[Crawled caption data]
===

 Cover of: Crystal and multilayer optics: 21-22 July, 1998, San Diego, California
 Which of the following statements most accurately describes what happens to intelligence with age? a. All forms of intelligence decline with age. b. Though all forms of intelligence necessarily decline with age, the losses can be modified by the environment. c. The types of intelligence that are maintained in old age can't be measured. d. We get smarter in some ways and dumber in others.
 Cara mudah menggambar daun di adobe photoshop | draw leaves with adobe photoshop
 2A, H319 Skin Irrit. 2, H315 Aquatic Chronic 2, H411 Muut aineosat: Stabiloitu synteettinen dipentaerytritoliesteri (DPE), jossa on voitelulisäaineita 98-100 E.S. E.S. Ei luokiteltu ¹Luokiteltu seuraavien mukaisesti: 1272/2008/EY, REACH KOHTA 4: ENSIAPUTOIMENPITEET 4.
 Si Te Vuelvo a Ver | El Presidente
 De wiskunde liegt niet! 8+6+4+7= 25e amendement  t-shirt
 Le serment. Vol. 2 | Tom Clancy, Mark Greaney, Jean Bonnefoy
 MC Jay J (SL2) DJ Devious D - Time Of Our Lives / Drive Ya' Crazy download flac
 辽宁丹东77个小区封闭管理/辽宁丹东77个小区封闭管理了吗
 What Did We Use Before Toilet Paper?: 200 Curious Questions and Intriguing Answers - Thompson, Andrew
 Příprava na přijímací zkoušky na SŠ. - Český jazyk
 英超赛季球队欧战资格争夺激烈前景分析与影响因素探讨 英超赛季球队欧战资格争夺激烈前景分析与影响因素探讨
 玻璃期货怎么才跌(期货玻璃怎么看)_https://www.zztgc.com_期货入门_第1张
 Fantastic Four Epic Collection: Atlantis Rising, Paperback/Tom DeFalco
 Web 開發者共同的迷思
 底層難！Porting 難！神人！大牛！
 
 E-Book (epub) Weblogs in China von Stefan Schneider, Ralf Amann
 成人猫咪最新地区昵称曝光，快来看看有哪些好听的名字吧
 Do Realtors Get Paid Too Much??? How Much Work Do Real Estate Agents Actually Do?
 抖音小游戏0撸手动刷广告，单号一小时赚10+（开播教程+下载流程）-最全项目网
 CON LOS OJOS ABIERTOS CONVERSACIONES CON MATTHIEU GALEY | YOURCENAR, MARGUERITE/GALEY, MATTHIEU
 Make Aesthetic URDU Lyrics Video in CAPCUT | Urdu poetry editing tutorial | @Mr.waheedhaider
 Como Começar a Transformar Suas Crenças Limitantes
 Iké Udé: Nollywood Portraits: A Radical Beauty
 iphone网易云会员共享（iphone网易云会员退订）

===

§ Requirement
The answer should be the complete set of records, printed exactly.

§ Exercise output
 Cover of: Crystal and multilayer optics: 21-22 July, 1998, San Diego, California
 Which of the following statements most accurately describes what happens to intelligence with age? a. All forms of intelligence decline with age. b. Though all forms of intelligence necessarily decline with age, the losses can be modified by the environment. c. The types of intelligence that are maintained in old age can't be measured. d. We get smarter in some ways and dumber in others.
 Cara mudah menggambar daun di adobe photoshop | draw leaves with adobe photoshop
 2A, H319 Skin Irrit. 2, H315 Aquatic Chronic 2, H411 Muut aineosat: Stabiloitu synteettinen dipentaerytritoliesteri (DPE), jossa on voitelulisäaineita 98-100 E.S. E.S. Ei luokiteltu ¹Luokiteltu seuraavien mukaisesti: 1272/2008/EY, REACH KOHTA 4: ENSIAPUTOIMENPITEET 4.
 Si Te Vuelvo a Ver | El Presidente
 De wiskunde liegt niet! 8+6+4+7= 25e amendement  t-shirt
 Le serment. Vol. 2 | Tom Clancy, Mark Greaney, Jean Bonnefoy
 MC Jay J (SL2) DJ Devious D - Time Of Our Lives / Drive Ya' Crazy download flac
 辽宁丹东77个小区封闭管理/辽宁丹东77个小区封闭管理了吗
 What Did We Use Before Toilet Paper?: 200 Curious Questions and Intriguing Answers - Thompson, Andrew
 Příprava na přijímací zkoušky na SŠ. - Český jazyk
 英超赛季球队欧战资格争夺激烈前景分析与影响因素探讨 英超赛季球队欧战资格争夺激烈前景分析与影响因素探讨
 玻璃期货怎么才跌(期货玻璃怎么看)_https://www.zztgc.com_期货入门_第1张
 Fantastic Four Epic Collection: Atlantis Rising, Paperback/Tom DeFalco
 Web 開發者共同的迷思
 底層難！Porting 難！神人！大牛！
 
 E-Book (epub) Weblogs in China von Stefan Schneider, Ralf Amann
 成人猫咪最新地区昵称曝光，快来看看有哪些好听的名字吧
 Do Realtors Get Paid Too Much??? How Much Work Do Real Estate Agents Actually Do?
 抖音小游戏0撸手动刷广告，单号一小时赚10+（开播教程+下载流程）-最全项目网
 CON LOS OJOS ABIERTOS CONVERSACIONES CON MATTHIEU GALEY | YOURCENAR, MARGUERITE/GALEY, MATTHIEU
 Make Aesthetic URDU Lyrics Video in CAPCUT | Urdu poetry editing tutorial | @Mr.waheedhaider
 Como Começar a Transformar Suas Crenças Limitantes
 Iké Udé: Nollywood Portraits: A Radical Beauty
 iphone网易云会员共享（iphone网易云会员退订）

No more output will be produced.